Libia. Terzi a Tripoli incassa solo promesse

Del 6 novembre 2012 da Rinascita

Ancora non ha un governo, ma il premier libico Ali Zeidan già deve fare delle promesse all’Italia, “il nostro primo partner”. Dalla “vecchia” questione dei 600 milioni di crediti rivendicati da imprese italiane, al più attuale sequestro da parte delle autorità libiche dei due pescherecci italiani, passando per l’annoso problema del controllo sull’immigrazione per il nostro Paese.
Zeidan, eletto meno di un mese fa, promette al ministro degli Esteri italiano Giulio Terzi di risolvere tutto al più presto, ma allo stesso tempo prega “amici, vicini e partner” di “comprendere il momento che stiamo attraversando”. Un modo per dire che, con tutta probabilità, al momento le promesse rimarranno tali. Terzi, da parte sua, incassa e apprezza le dichiarazioni di buona volontà da parte di Tripoli e si dice “soddisfatto” per “l’impegno molto forte di cui ho avuto oggi ulteriore prova dal governo libico”.
Già circa un anno fa l’Italia ricevette simili rassicurazioni da parte dei leader della “nuova Libia”. “Abbiamo convenuto sull’importanza delle procedure per il riconoscimento e la certificazione dei crediti vantati da aziende italiane”, dichiarò a dicembre scorso il premier italiano Mario Monti dopo aver incontrato il presidente del Consiglio nazionale transitorio libico (Cnt), Mustafa Abdul Jalil. In quell’occasione il governo di Roma scongelò fondi libici per centinaia di milioni (congelati negli anni ‘70 alla Libia di Gheddafi) nella speranza che Tripoli utilizzasse almeno parte di questi soldi per pagare le società italiane. “Ringrazio Monti per l’aumento della somma scongelata da 230 milioni a 600 milioni. Una quota di queste somme sarà sicuramente utilizzata per i crediti dovuti alle aziende italiane che hanno lavorato in Libia purché questi crediti siano reali e legittimi: noi ci adoperiamo per la piena trasparenza”, assicurò Jalil.
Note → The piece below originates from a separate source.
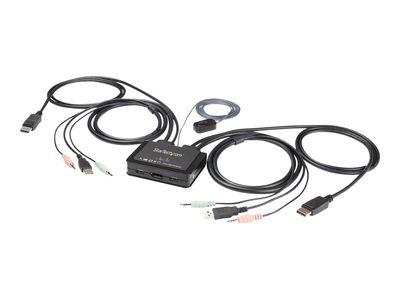 Мрежов комутатор 2 Port DisplayPort KVM Switch - 4K 60Hz - UHD DP 1.2 USB KVM Switch w/ 4ft Cables & Audio - Bus Powered & Remote Switching - KVM / audio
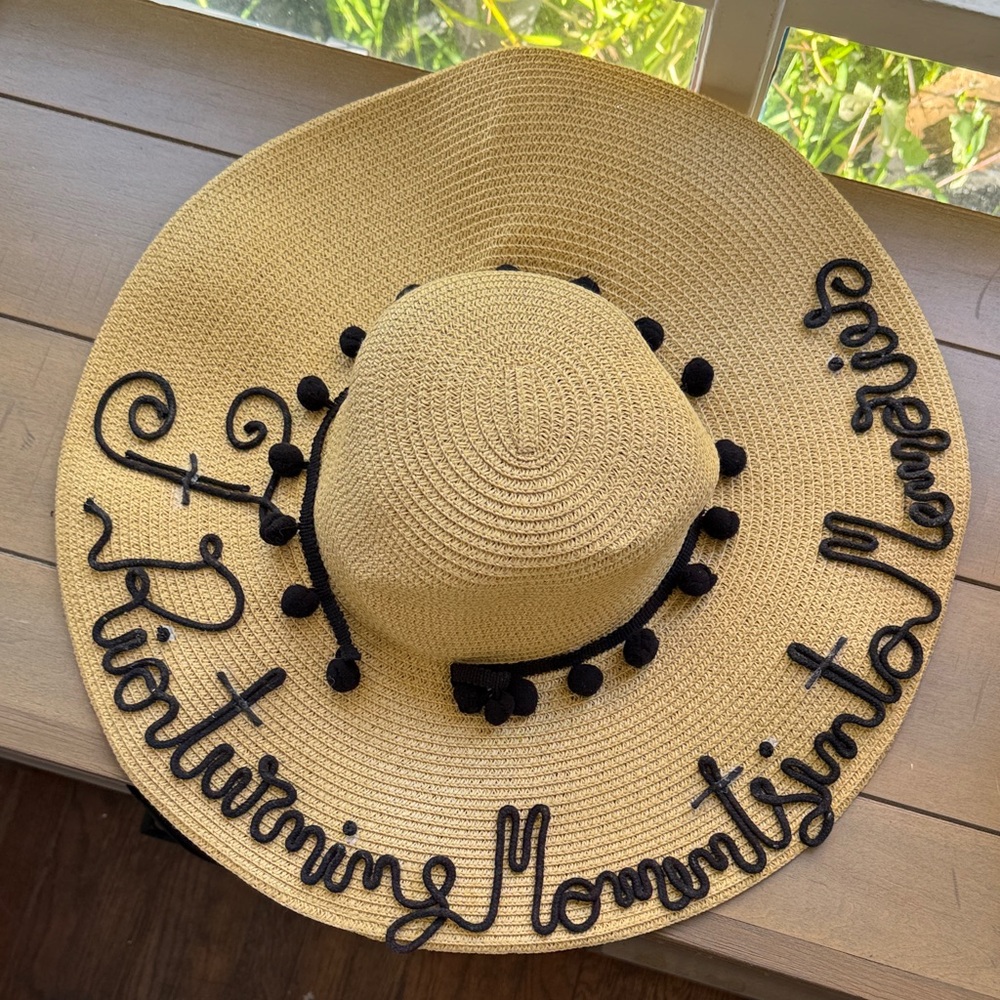 Stylish Tan Sun Hat with Black Embroidery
Ieri il premier libico Zeidan ha ribadito la volontà dei libici di onorare i debiti, sostenendo che è “tra le priorità del nostro governo”, ovviamente però “tenendo in considerazione le nostre attuali condizioni”. Simili rassicurazioni sono arrivate anche per la vicenda dei due pescherecci di Mazara del Vallo, il Daniela L e il Giulia PG, sequestrati da ormai un mese dalle autorità libiche insieme all’equipaggio di 14 uomini tra italiani e tunisini. “Queste persone non devono essere trattenute a lungo ma devono essere rilasciate al più presto”, ha affermato il ministro per la Cooperazione libico, Mohammed Abdel Aziz, riferendo di una chiamata di Zeidan al pubblico ministero incaricato del caso, a dimostrazione della “massima attenzione del nostro governo alla vicenda, sia dal punto di vista giuridico che militare”.
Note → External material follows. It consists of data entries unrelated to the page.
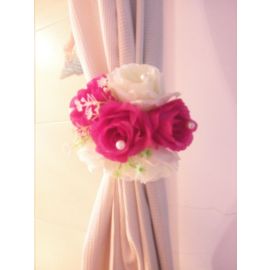 6 pieces Rose Flower Cluster Curtain Tieback Clips Buckles Backdrop clips with Pearls-Fushcia-Ivory Mixed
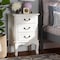 Baxton Studio Gabrielle White-Finished 3-Drawer Wood Nightstand 162-10259 - alternate 3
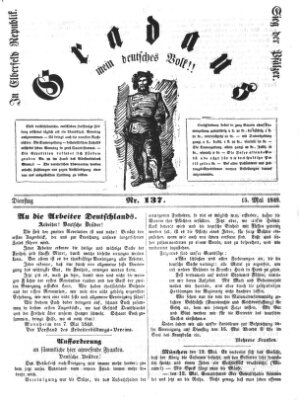 Gradaus mein deutsches Volk!! (Allerneueste Nachrichten oder Münchener Neuigkeits-Kourier) Dienstag 15. Mai 1849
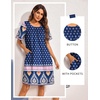 Ekouaer Moo Moos for Women Button House Dresses for Women with Pocket Mumu(Navy Boho)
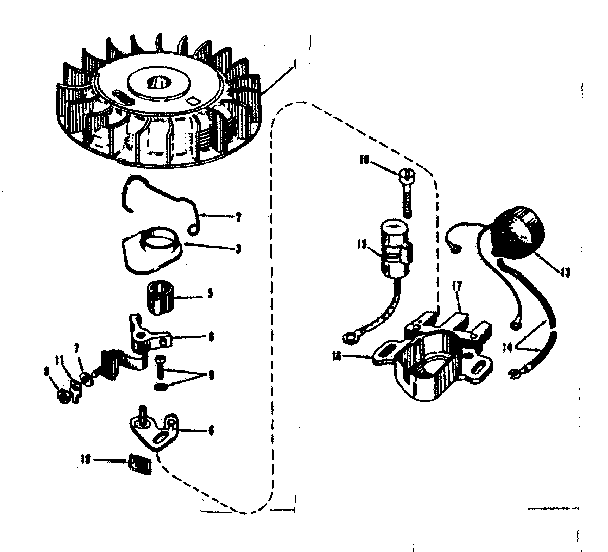 Magneto No. 610667 Diagram and Parts List for 143521091  Craftsman Engine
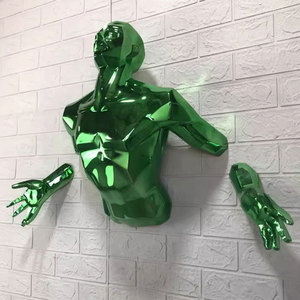 Escultura Moderna de Busto Masculino en Resina 3D, Color Verde Cromo, para Decoración de Paredes Interiores de Hogar o <span class=keywords><strong>Restaurante</strong></span> - Product Image 3
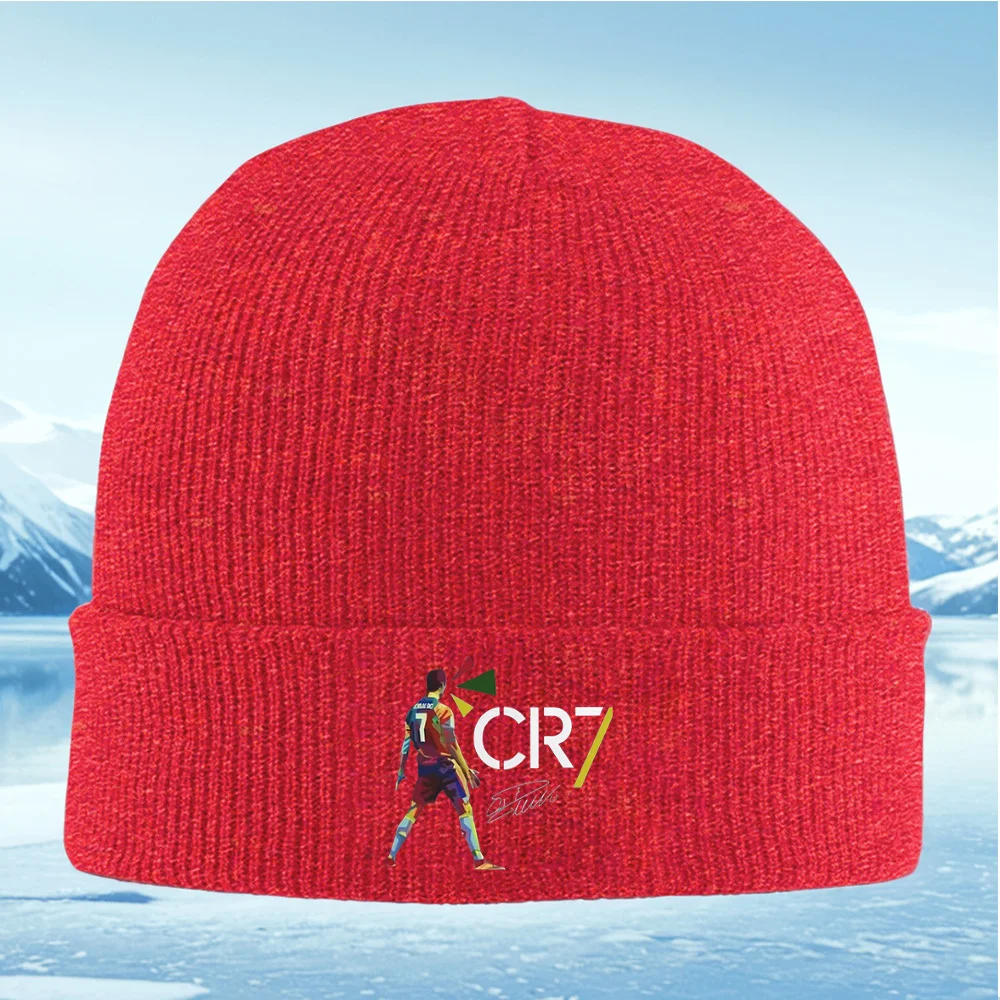 Atleta pose diseño colorido CR7 firma hombres mujeres Unisex sombrero de punto gorro Jersey gorra invierno térmico cálido Navidad Outdoo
Nel frattempo, però, le oltre 80 aziende italiane che hanno lavorato in Libia continuano a non venire pagate – e ora diverse rischiano il fallimento – e i pescherecci rimangono in Libia, dopo che il processo agli equipaggi, inizialmente fissato per oggi al tribunale di Bengasi, è stato rinviato a causa di uno sciopero degli avvocati.
 
 
Ancora problemi con le nomine dei ministri
Il giuramento del nuovo governo nominato da Ali Zeidan “avrà luogo la prossima settimana”, e non il prossimo giovedì come annunciato in un primo momento dopo l’approvazione delle nomine da parte dell’Assemblea nazionale libica. Lo rende noto lo stesso premier Zeidan. In questi giorni è atteso il verdetto della Commissione per l’integrità e la trasparenza sulla compatibilità dei titolari dei ministeri degli Esteri, Interni, Giustizia, Sanità, Cultura e Affari religiosi, accusati dai critici di essere troppo collusi con il passato governo Gheddafi. Proprio in polemica con queste nomine, ieri si è dimesso il ministro dei Martiri e degli scomparsi (durante la rivolta contro Gheddafi), Sami Al Saadi. “Alcune persone che hanno partecipato all’oppressione del popolo libico non possono guidare la Libia del dopo-rivoluzione”, ha dichiarato all’agenzia di stampa Solidarity Press.